Alexander Vasilievich Kikin (Александр Васильевич Кикин; ca. 1670–1718) was a political mentor and advisor to Alexei Petrovich, Tsarevich of Russia; accused of having arranged the flight abroad of the latter, Kikin was broken on the wheel.

Kikin began his career as a bombardier in the toy army of Peter I. He accompanied the monarch in the Great Embassy and learned the mast-maker's craft in the Netherlands. Upon returning to Russia, Kikin helped build the first Russian warships in Voronezh and Olonets. In the January campaign of 1706 he had Mitau Castle blown up and retreated with his regiment toward Minsk. In 1707 Kikin was put in charge of the Admiralty Shipyard. He was a groomsman at Peter's second wedding.

Kikin's old rivalry with Alexander Menshikov put him in a precarious position, however. In 1715 he was arrested on suspicion of graft and was forced to leave the capital for Moscow. A year later Peter relented, allowing him to return to the court. In 1718 Kikin was implicated in the conspiracy of Tsarevich Alexei, tortured and executed.

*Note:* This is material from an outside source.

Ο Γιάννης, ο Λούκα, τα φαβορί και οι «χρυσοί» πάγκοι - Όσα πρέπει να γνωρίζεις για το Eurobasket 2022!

Among other things he was accused of trying to kill the monarch when he had been asleep. He had apparently visited Vienna in order to persuade Emperor Charles VI to shelter the heir apparent.

Kikin's properties, including the unfinished Baroque residence in the vicinity of the Smolny Convent, were confiscated by the Tsar. The much restored Kikin Palace is one of the oldest buildings in the city.